Но что он мог поделать? В то время как приближенные императора продолжали поощрять его антиавстрийскую политику, Альфонс уже в апреле понял, какими осложнениями чревата война для Франции. Нерешительность Наполеона — его подстрекательство как Италии, так и Австрии — сделала его не арбитром, как он надеялся, а простым зрителем. 1 июля Альфонс метко суммировал противоречивость французской политики: «Если австрийцы победят, наше правительство снова подружится с ними, если они проиграют, мы их бросим… Возможно, вскоре образуют два наблюдательных корпуса, один на Рейне, а другой в Альпах. Как мера предосторожности, а не с какой-то определенной целью, потому что император, как говорят, весьма нерешителен и принял холодный и сдержанный тон в своих отношениях с Пруссией. Франция в результате поднимает ставки. Перевес пруссаков в Германии станет огромной опасностью, которая не компенсируется даже приобретением Рейнской провинции… Поэтому все симпатии общественности на стороне австрийцев, хотя из-за того, что никто не знает, что думает император, все боятся их успеха так же, как желают его, ибо друзья Л. Наполеона очень агитируют в пользу Пруссии».
Альфонс справедливо предположил: если Наполеон не может решиться вступить в войну на стороне Австрии — или ему недостает для этого военной готовности, — он не в том положении, чтобы требовать «компенсации» у победоносной Пруссии. Ротшильды считали, что французские притязания на ряд территорий в Германии, Бельгии и Люксембурге ни к чему не приведут: самое большее, на что способна Франция, — убедить побежденных итальянцев принять Венецию, не требуя больше ничего. Как ни хотелось Джеймсу «преподать урок агрессивной Пруссии руками Французской империи», он вынес убийственный вердикт: «На месте императора я стыдился бы самого себя». Для него и его сыновей война Франции против Пруссии была просто отложена: в конце концов Наполеон «вынужден будет пойти на войну с Пруссией, потому что… они считают, будто Европа принадлежит им». Любой мир между Францией и Пруссией будет лишь «ублюдочным миром».
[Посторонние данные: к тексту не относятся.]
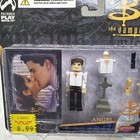 Palisades Buffy The Vampire Slayer Palz  Angel And Vampire Buffy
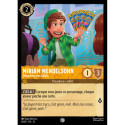 (Foil) Miriam Mendelsohn : Détentrice des billets (C) [Invasion Épineuse!]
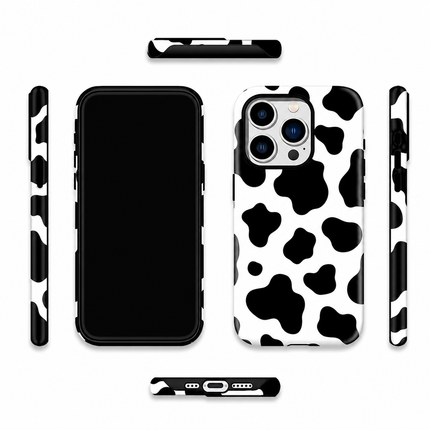 Canvas Art MagSafe Case for iPhone – product view 4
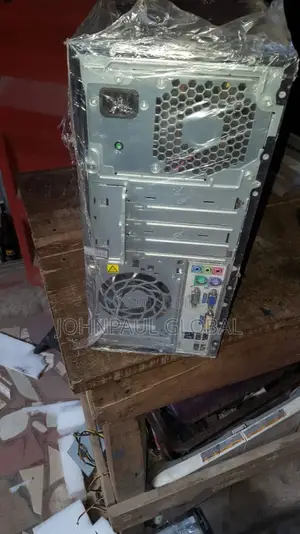 Desktop Computer Dell OptiPlex 7010 32GB Intel Core i7 HDD 500GB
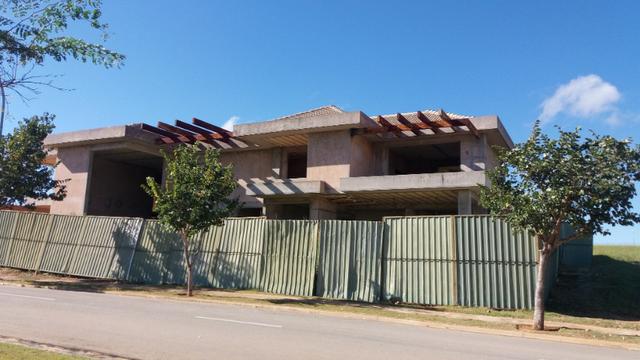 Casa Alphaville Brasília Residencial 1 - Foto 2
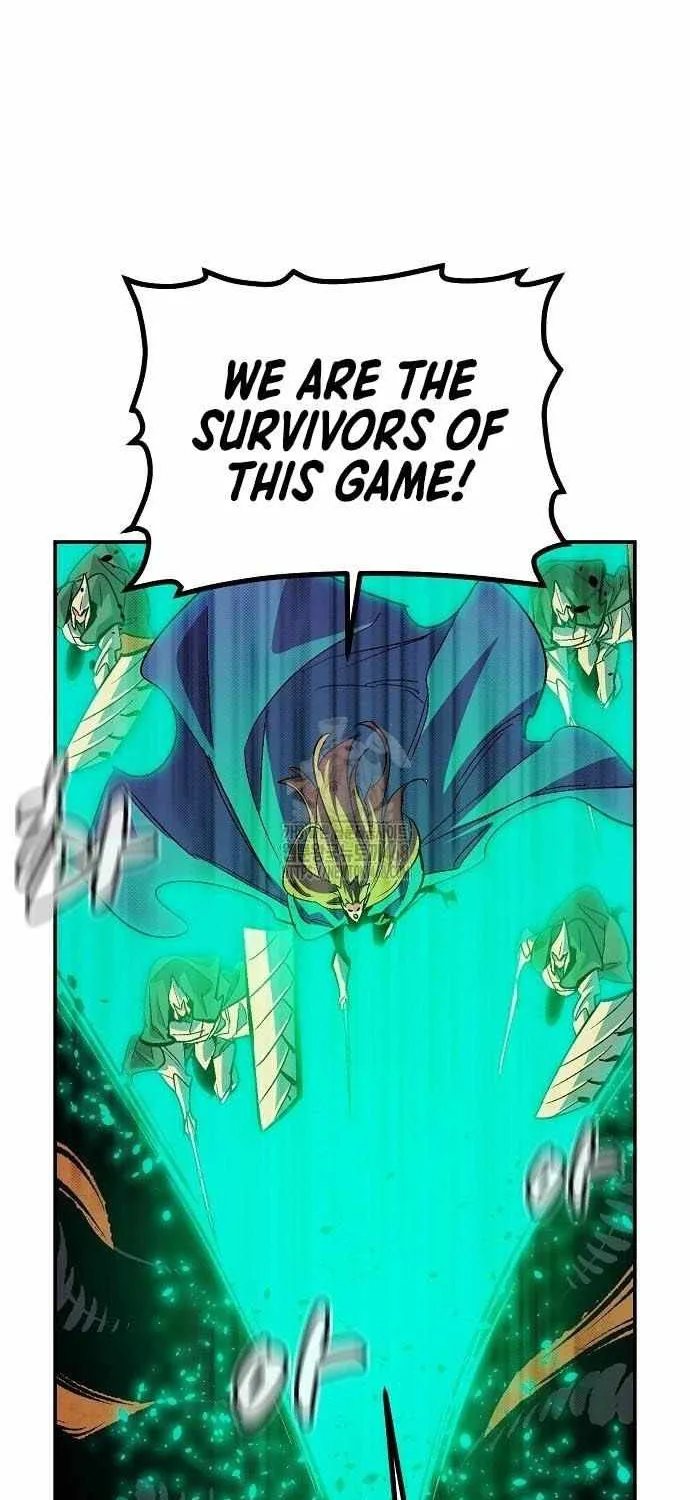 Read The Only Necromancer chapter 204 image 77 on Lezhin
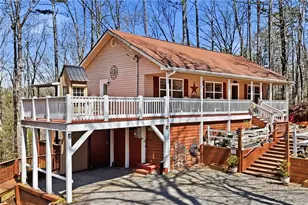 508 Lemmon Ln, Ellijay, GA 30540 - Photo 4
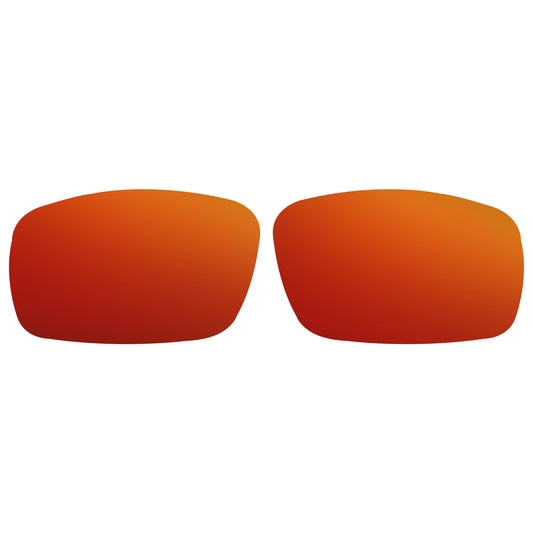 FunReplace Replacement Lenses Compatible with Oakley Crankshaft OO9239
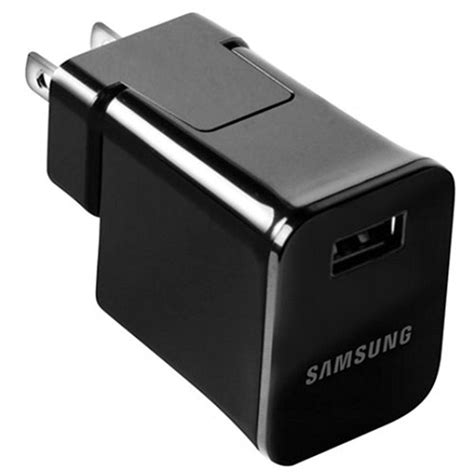 Accessory Travel Charger Detachable Samsung Epub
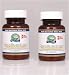 Naturessunshine Ginkgo Biloba Extract T/R Improves Brain Function Memory & Concentration 30 Tablets (Pack of 2)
Английских Ротшильдов победа Пруссии также привела в ужас. Шарлотта считала итогом войны 1866 г. не объединение Германии, а ее разделение — более того, ее поражение от Пруссии. 10 июля она даже предсказывала, что амбиции Пруссии в конечном счете потребуют вмешательства Великобритании: «Пруссаки… вряд ли проявят умеренность в час их победы. В таком случае, а именно: если они пожелают проглотить всю протестантскую Германию, Франция, возможно, не извлекая из ножен свой… меч, потребует все Рейнские и католические провинции новой северной империи… хотя мы не хотим вмешиваться… и несмотря на недостойную речь лорда Дерби, которая сводится к тому, что великие события на континенте нас не касаются… мы будем втянуты в военную интервенцию, чтобы не дать разделить весь цивилизованный мир между Францией и Пруссией».
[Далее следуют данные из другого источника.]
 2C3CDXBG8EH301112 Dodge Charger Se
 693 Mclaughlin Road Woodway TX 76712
Конечно, как говорил Альфонс, Наполеон мог бы действовать решительнее, чтобы сдержать Пруссию, если бы Францию поддержала Англия. Однако этому не суждено было случиться. Условия, выдвинутые Бисмарком, по которым Пруссия получала военный контроль над Германией севернее Майна, но южнонемецким государствам гарантировалось «международное независимое существование», виделись в Лондоне достаточно умеренными, поэтому о совместной интервенции речь не шла. Как заметила Шарлотта, в ответ на просьбу Луизы «попросить мистера Делана поместить убедительную статью в „Таймс“: „Какое дело графу Бисмарку до статьи в наших английских газетах? — Он захватил мир, даже сейчас он не удовольствовался бы миром, не приобрети он для себя империю почти такую же большую, как ему хотелось… и управляй он ею, не боясь революции и агрессии“». Самое большее, что могла сделать Шарлотта, — вступить в «дамский комитет, который собирает по подписке средства в пользу бедных австрийских солдат».